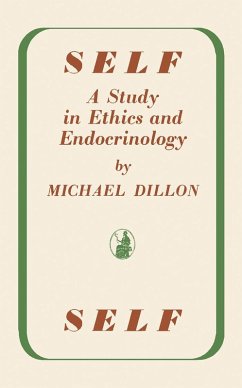 Cover Self (eBook, PDF)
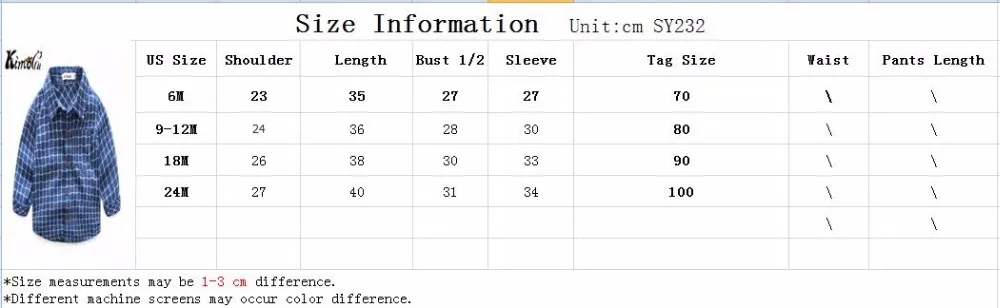 Kimocat/Новая клетчатая рубашка для маленьких мальчиков, Детская осенняя Стильная хлопковая рубашка с длинными рукавами осенняя одежда для малышей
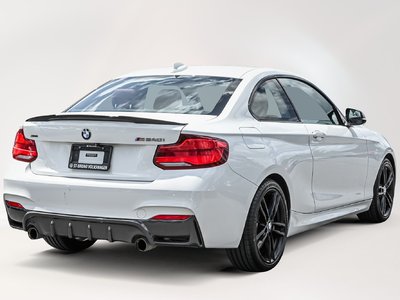 BMW 2 Series  2019 à Saint-Bruno-de-Montarville, Québec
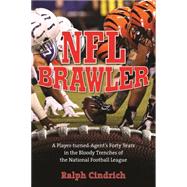 NFL Brawler 9781493005239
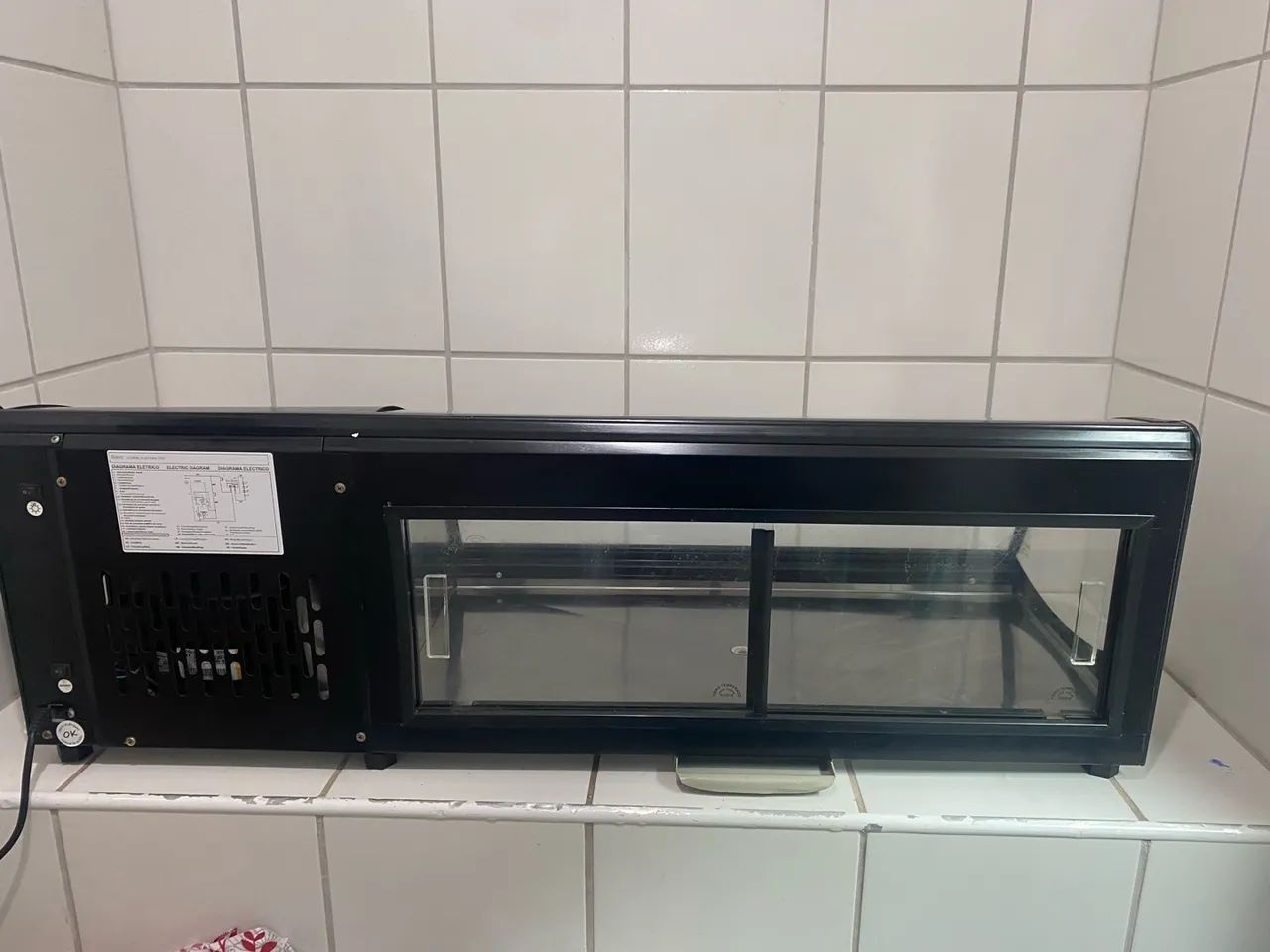 VITRINE FRIA GELOPAR - Foto 2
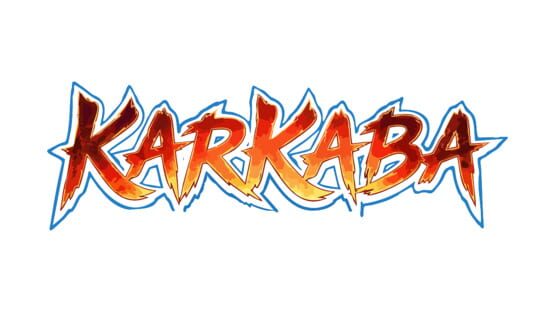 Karkaba official artwork 2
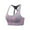 Gris, variante sur Meichang Soutiens-gorge de Sport à Dos Nageur pour Femmes, Imprimé Camouflage, Soutiens-Gorge d'Entraînement, Couvrance Totale, Soutiens-Gorges Légers Sans Armatures, Yoga, Gym, Mise en Forme, Soutien à Maintien Élevé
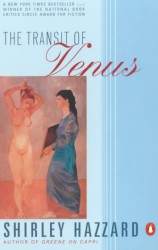 Transit of Venus （Reprint）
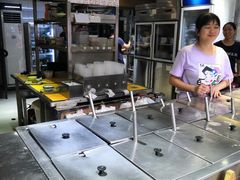 大堂-百花传统甜品店(原址店)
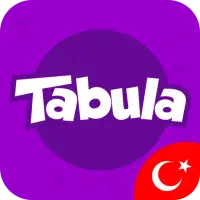 Tabula -Tabu Kelime Oyunu 2025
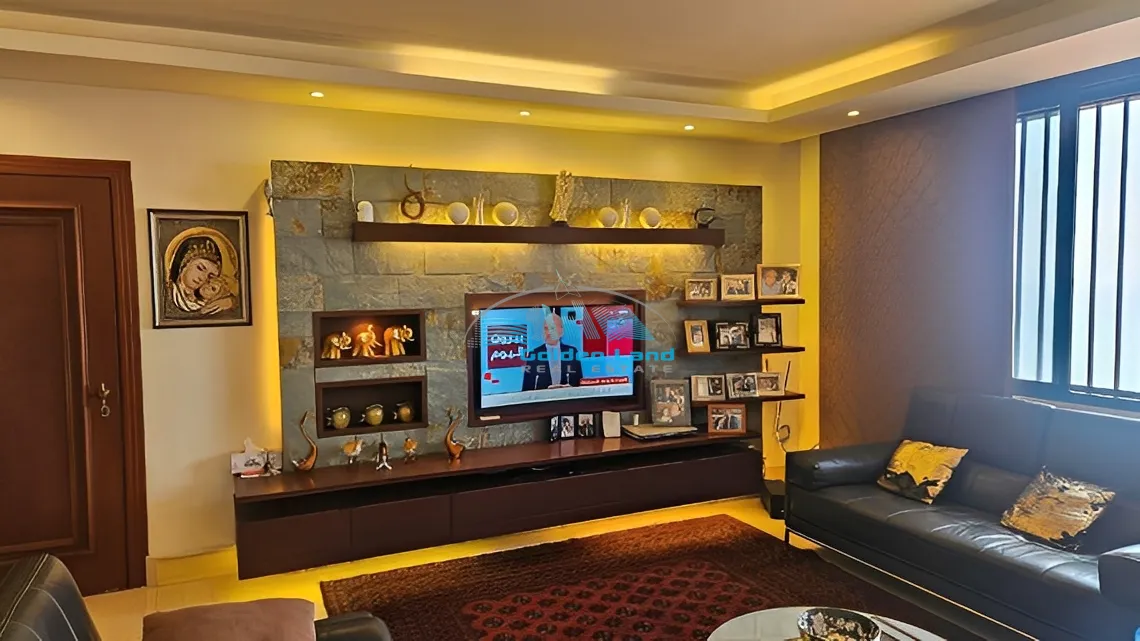 Duplex for Sale in Sahel Aalma, Lebanon - 3 bed, 4 bath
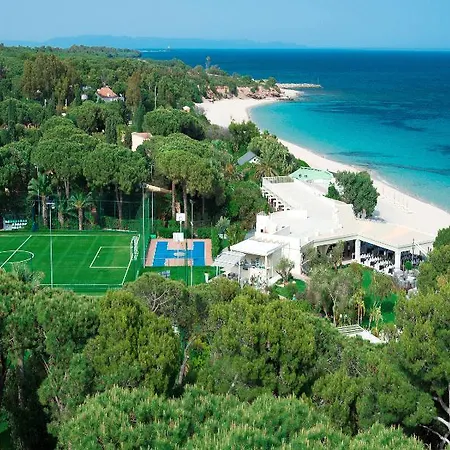 Village Resort-le Dune Hotel Santa Margherita di Pula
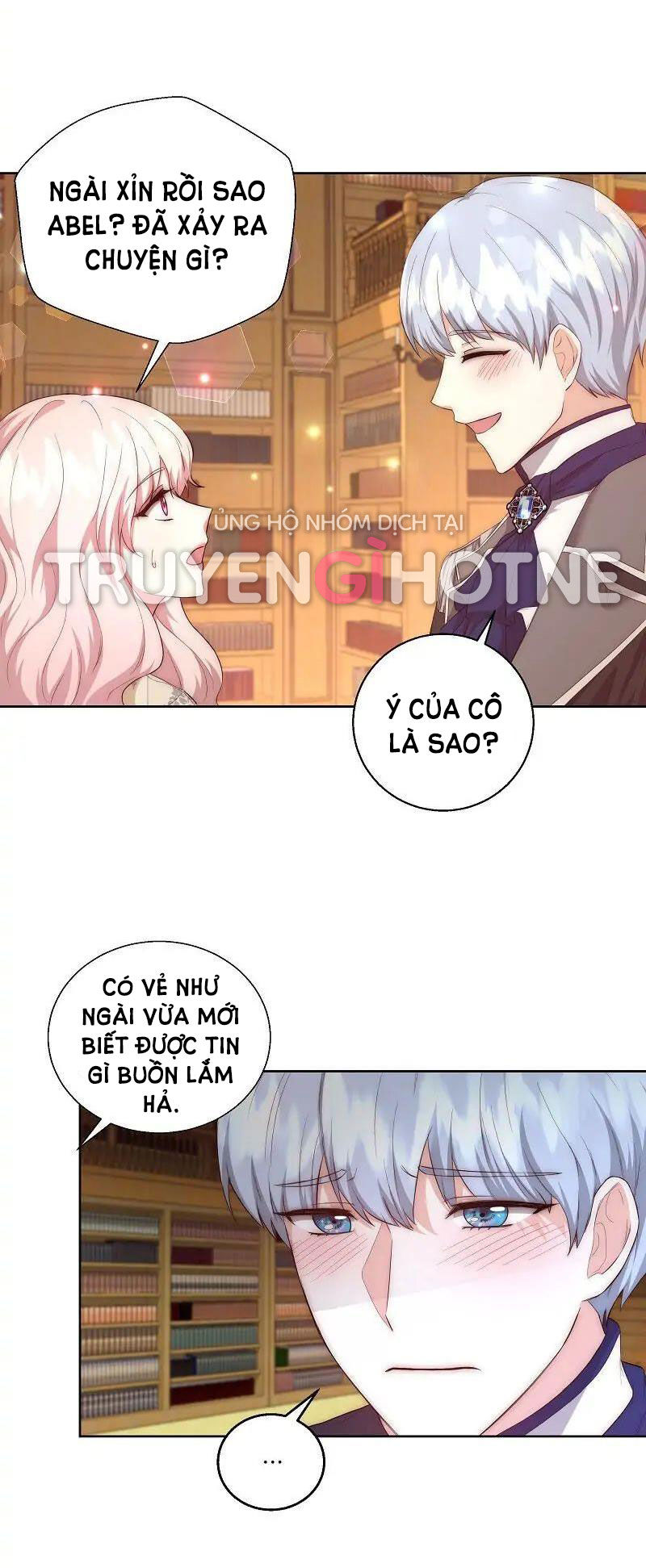 5500 sắc thái của quỷ vương chapter 51.1 6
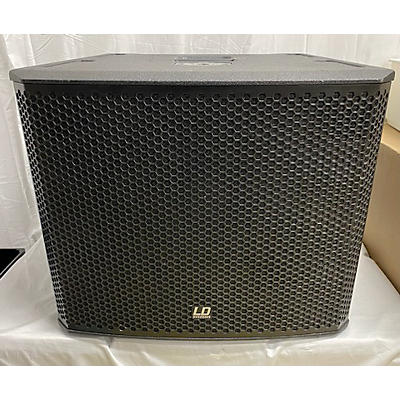 LD Systems STINGER SUB 15 A G3 Powered Subwoofer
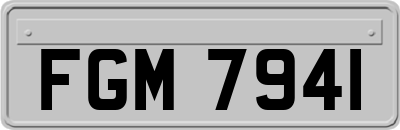 FGM7941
────────
▶ _What you have to do_
Please make an exact copy of the whole listing and leave out its pictures.

▶ _Exercise output_
 Cover Self (eBook, PDF)
 Kimocat/Новая клетчатая рубашка для маленьких мальчиков, Детская осенняя Стильная хлопковая рубашка с длинными рукавами осенняя одежда для малышей
 BMW 2 Series  2019 à Saint-Bruno-de-Montarville, Québec
 NFL Brawler 9781493005239
 VITRINE FRIA GELOPAR - Foto 2
 Karkaba official artwork 2
 Gris, variante sur Meichang Soutiens-gorge de Sport à Dos Nageur pour Femmes, Imprimé Camouflage, Soutiens-Gorge d'Entraînement, Couvrance Totale, Soutiens-Gorges Légers Sans Armatures, Yoga, Gym, Mise en Forme, Soutien à Maintien Élevé
 Transit of Venus （Reprint）
 大堂-百花传统甜品店(原址店)
 Tabula -Tabu Kelime Oyunu 2025
 Duplex for Sale in Sahel Aalma, Lebanon - 3 bed, 4 bath
 Village Resort-le Dune Hotel Santa Margherita di Pula
 5500 sắc thái của quỷ vương chapter 51.1 6
 LD Systems STINGER SUB 15 A G3 Powered Subwoofer
 FGM7941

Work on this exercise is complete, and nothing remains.